>>>>>
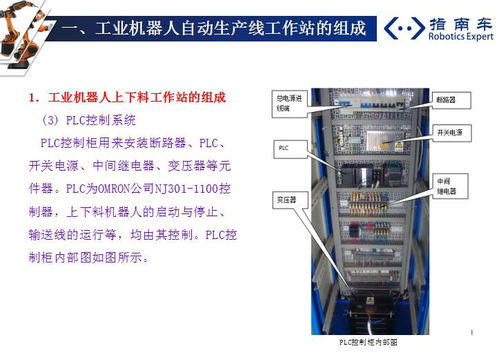 工業(yè)機(jī)器人系統(tǒng)集成 如何打造高效商業(yè)級(jí)自動(dòng)化產(chǎn)線(xiàn)（純干貨版）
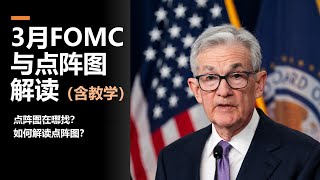 FED点阵图Dot Plot怎么查？怎么看？附2024年3月最新点阵图解读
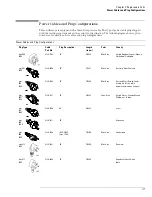 Предварительный просмотр 138 страницы Agilent Technologies DSO80204B Service Manual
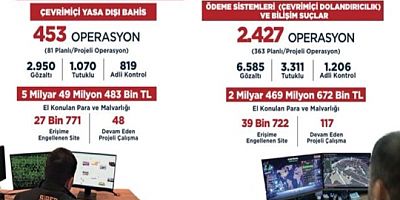 67 Bin 493 Siteye Erişim Engellendi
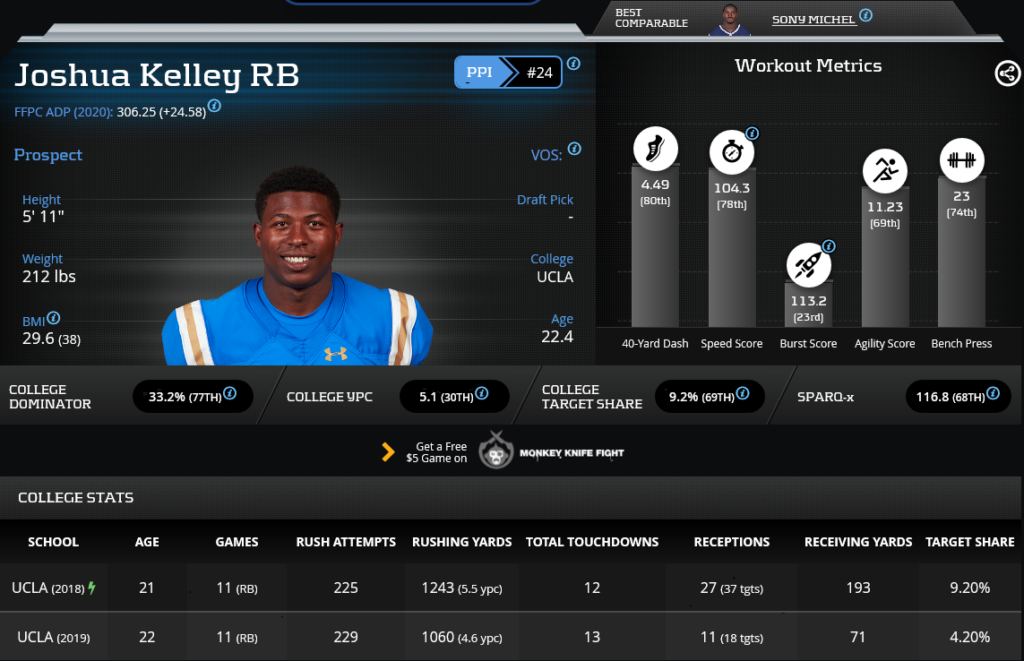 Joshua Kelley dynasty 2020 rookie profile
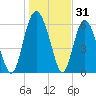 Frederick River Bridge tide chart for Tuesday, December 31, 2024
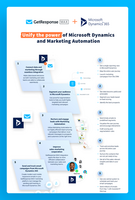 Unify the Power of Microsoft Dynamics CRM and Marketing Automation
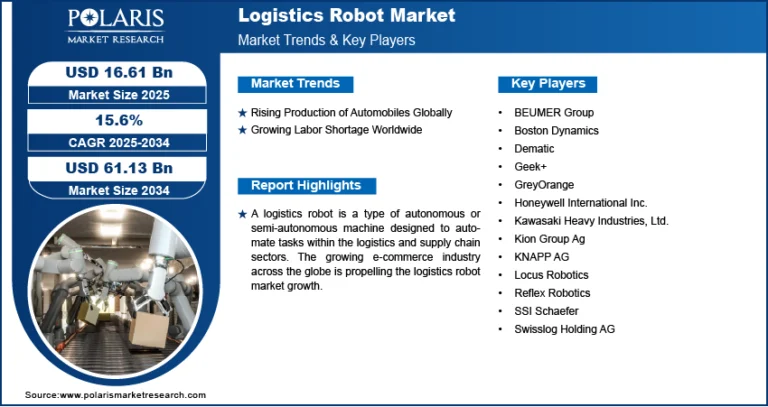 The Logistics Robot market is projected to attain USD 61.13 billion by 2034, at a CAGR of 15.6%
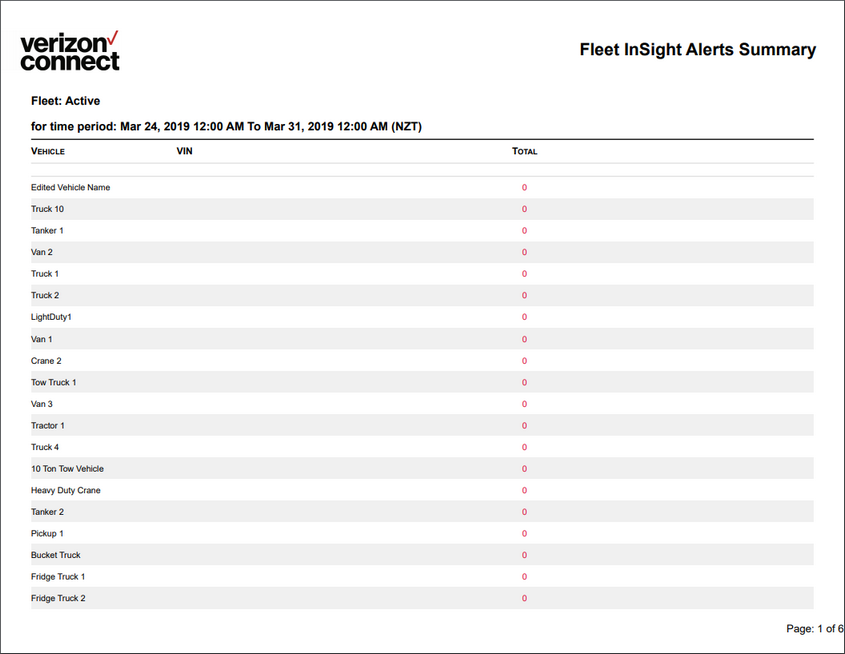 vehicle_maintenance_alerts_report.zoom80.png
<<<<<
* Your instructions *
When you print the records above, keep them exact and leave out the pictures.

* Task output *
 工業(yè)機(jī)器人系統(tǒng)集成 如何打造高效商業(yè)級(jí)自動(dòng)化產(chǎn)線(xiàn)（純干貨版）
 FED点阵图Dot Plot怎么查？怎么看？附2024年3月最新点阵图解读
 Предварительный просмотр 138 страницы Agilent Technologies DSO80204B Service Manual
 67 Bin 493 Siteye Erişim Engellendi
 Joshua Kelley dynasty 2020 rookie profile
 Frederick River Bridge tide chart for Tuesday, December 31, 2024
 Unify the Power of Microsoft Dynamics CRM and Marketing Automation
 The Logistics Robot market is projected to attain USD 61.13 billion by 2034, at a CAGR of 15.6%
 vehicle_maintenance_alerts_report.zoom80.png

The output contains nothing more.